A special feature of the solver, is its interior-point optimizer, based on the so-called homogeneous model. This implies that MOSEK can reliably detect a primal and/or dual infeasible status as documented in several published papers.

In addition to the interior-point optimizer MOSEK includes:
 Primal and dual simplex optimizer for linear problems.
 Mixed-integer optimizer for linear, quadratic and conic problems.

In version 9, Mosek introduced support for exponential and power cones in its solver. It has interfaces to the C, C#, Java, MATLAB, Python and R languages.
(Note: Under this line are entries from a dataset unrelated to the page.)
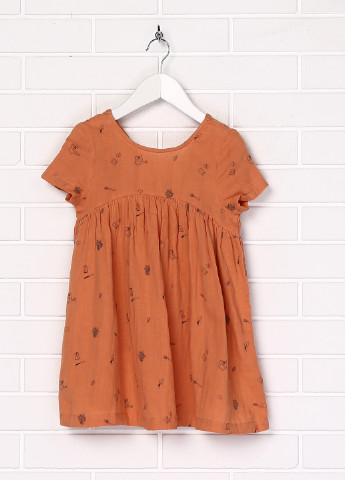 Оранжевое платье Kiabi (111004220)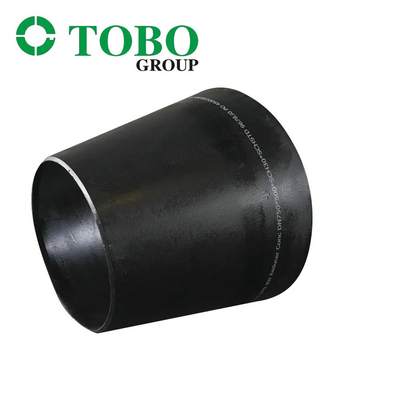 Accesorios de tubería de acero al carbono de titanio ASTM B363 Ti Gr7 2 '' x 1 '' SCH10S x SCH40S Niple estampado de aleación de titanio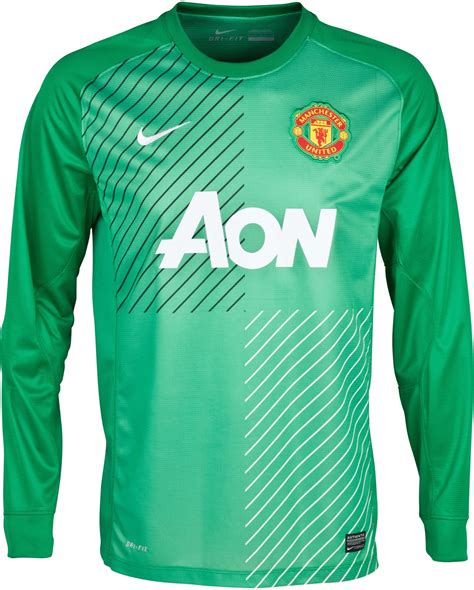 Manchester United 13-14 (2013-14) Home Kit + Goalkeeper Kits Released ...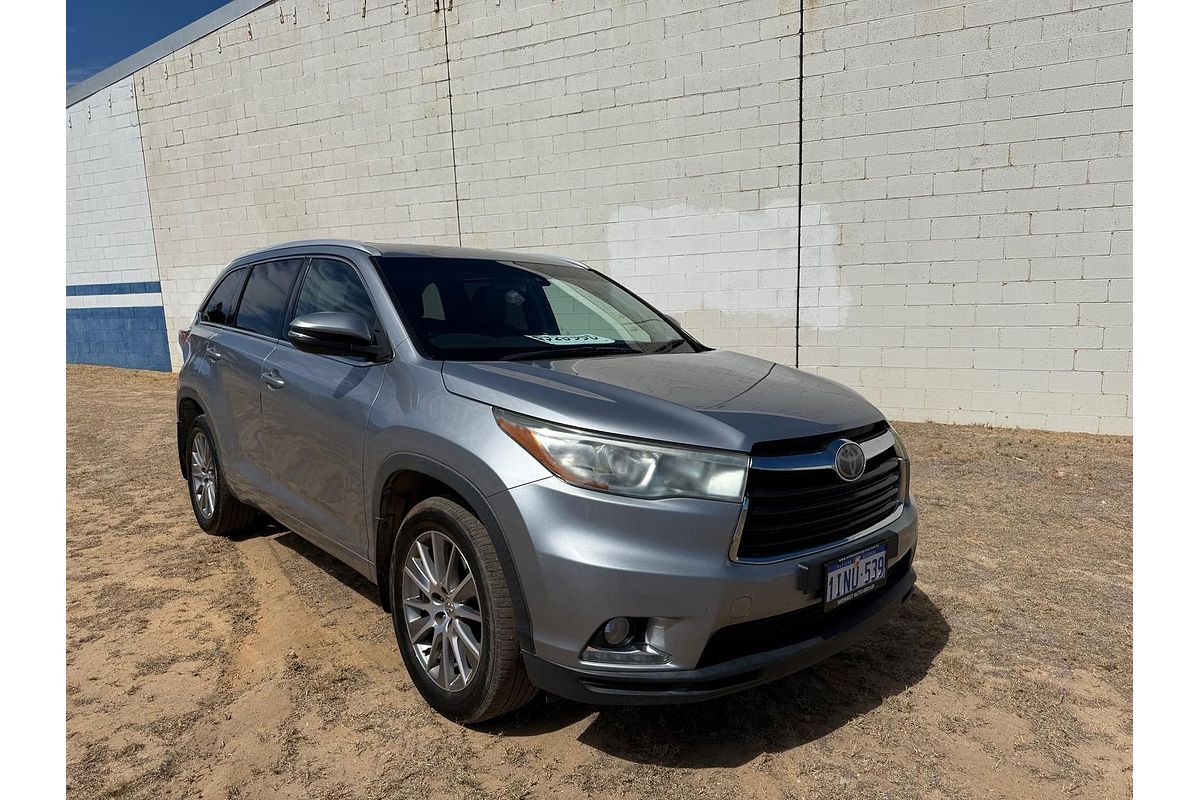 2015 Toyota Kluger Grande GSU55R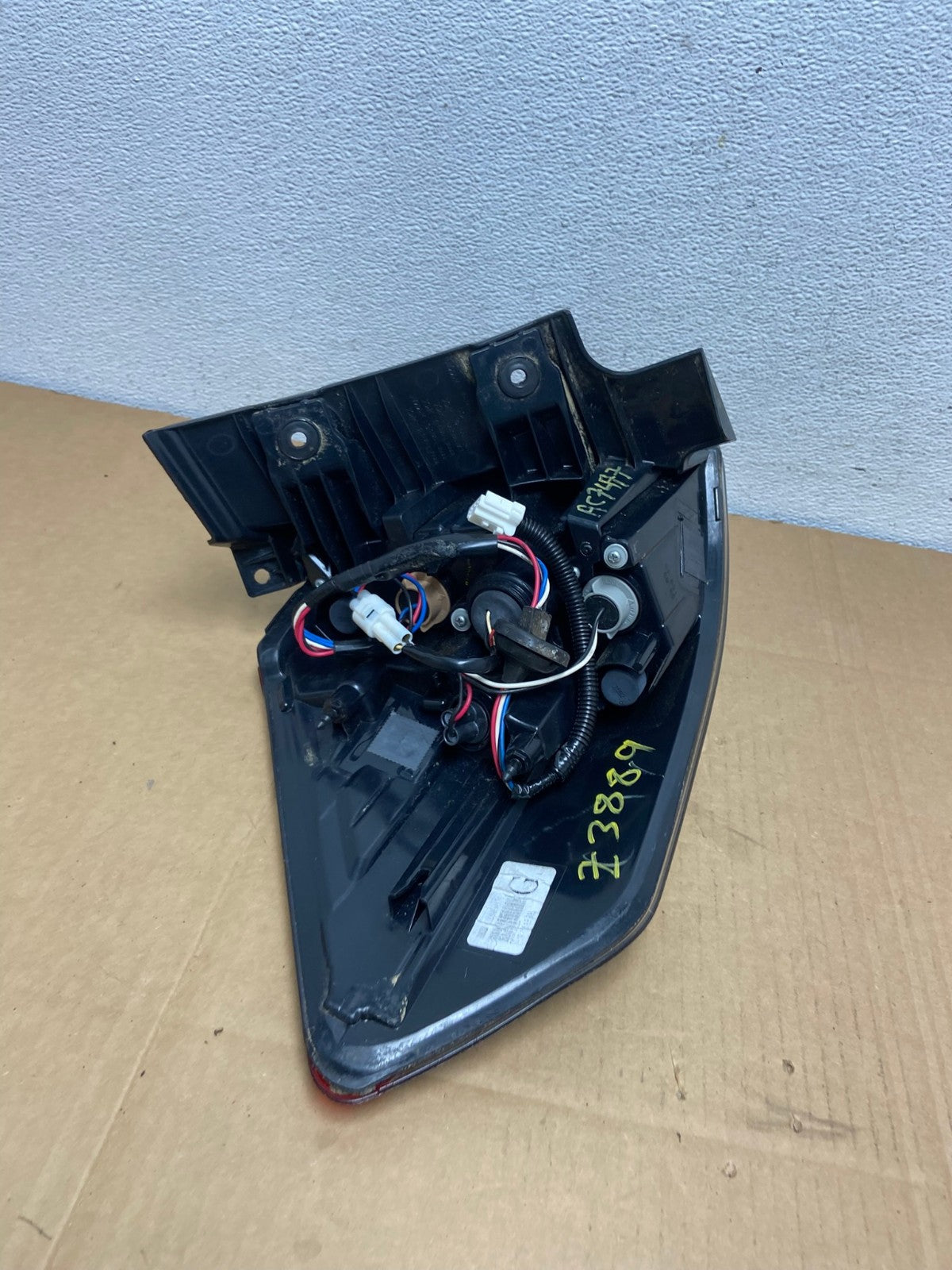 2017-2019 Nissan Rogue Right Passenger RH Side Outer Tail Light AC7477 LK6
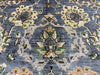 8'x10' Hand-Knotted Chobi Blue/Ivory Area Rug – KB Rugs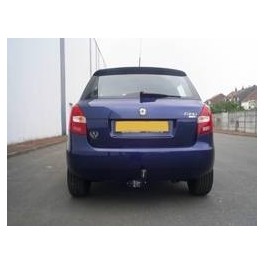 ATTELAGE SKODA FABIA 2000-2007 - RDSO DEMONTABLE SANS OUTIL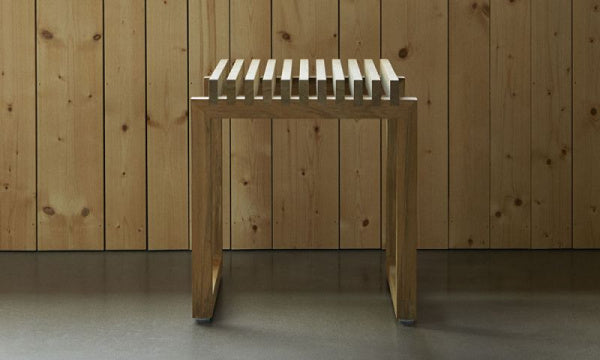 Cutter Stool Teak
Major modelling systems are made compatible with MOSEK, examples are: AMPL, and GAMS. In 2020 the solver also became available in Wolfram Mathematica.

In addition Mosek can for instance be used with the popular MATLAB packages CVX, and YALMIP.

The solver is developed by Mosek ApS, a Danish company established in 1997 by Erling D. Andersen. It has its office located in Copenhagen, the capital of Denmark.